The place: a nondescript urban office.
Yesterday the laptop booted just fine, loaded XP, everything is as good as it’s ever going to get. The machine spends the day doing not a whole lot since it doesn’t have any useful software on it yet but this morning, a cold boot and:
We apologize for the inconvenience, but Windows did not start successfully. A recent hardware failure or software change might have caused this.
A couple hours and much effort later, it turns out that it seems to be suffering from a well-known yet oddly difficult to define problem that may or may not have something to do with Mup.sys and for which the solution is to re-install Windows from scratch.

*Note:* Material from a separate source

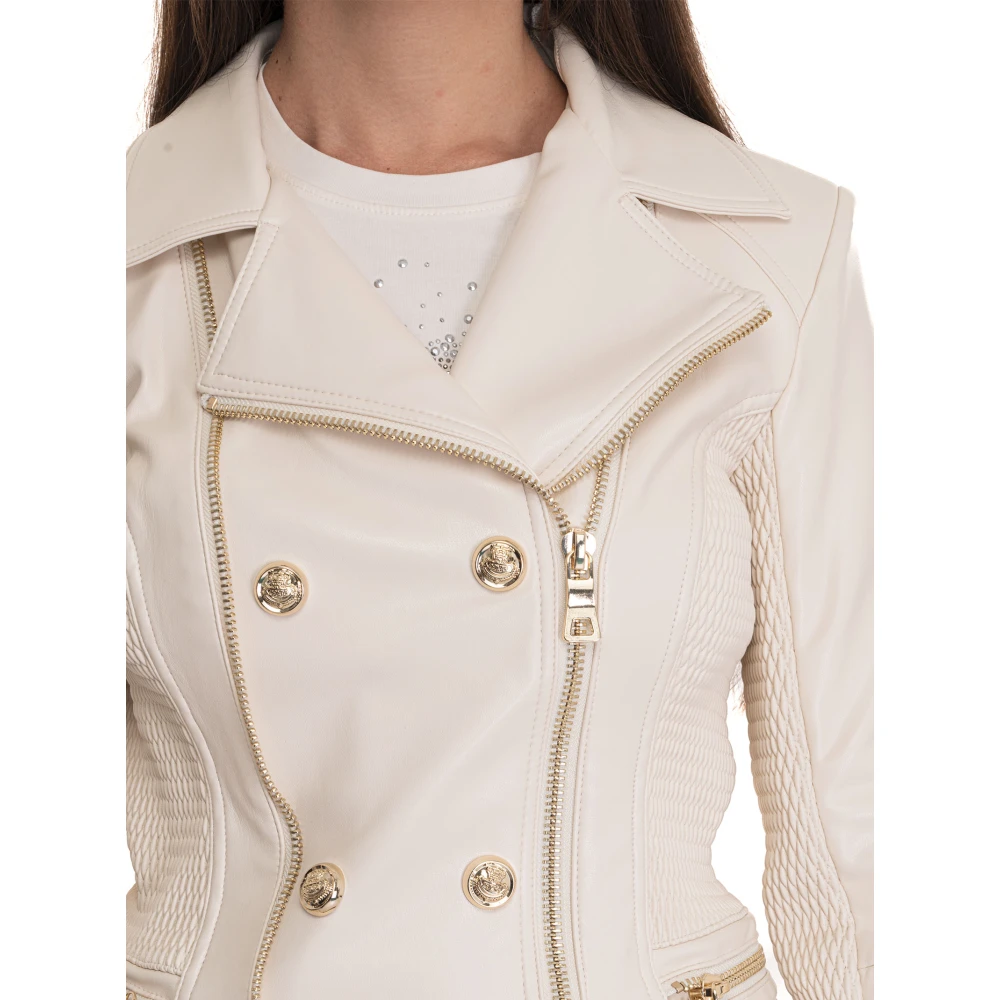 Guess Bikerjack van imitatieleer met knopen Beige Dames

Really? One day of operation and I’m already at the point where the machine is so hosed it needs to be re-imaged?
Why?
Why do we still put up with this shit? Seriously. Can anyone think of any other product for which we’d happily shell out $1200 bucks, take it home, have it completely, spectacularly fail to work, and accept that sometimes that’s the way it is? Fuck no.
We in North America live in a world in which the vast majority of the cost of what we buy is determined by convenience - we pay an inordinate amount for the convenience of the purchase as opposed to the actual material good of the product. When I buy frozen pizzas as the grocery store for $8 instead of buying the ingredients to make my own for $3, I’m paying for convenience. When I buy coffee at Starbucks instead of making my own at home, I’m paying for convenience. $13 movie tickets are just another convenience (”experience” is another word for this phenomenon, in paying for a large screen and not having to wait for it on DVD two months later). My Logitech tv remote synchs itself to my devices and grabs a whole whack of crap off the internet without me having to really care about what it’s doing; that’s pretty convenient and I paid to not have to manually program one myself.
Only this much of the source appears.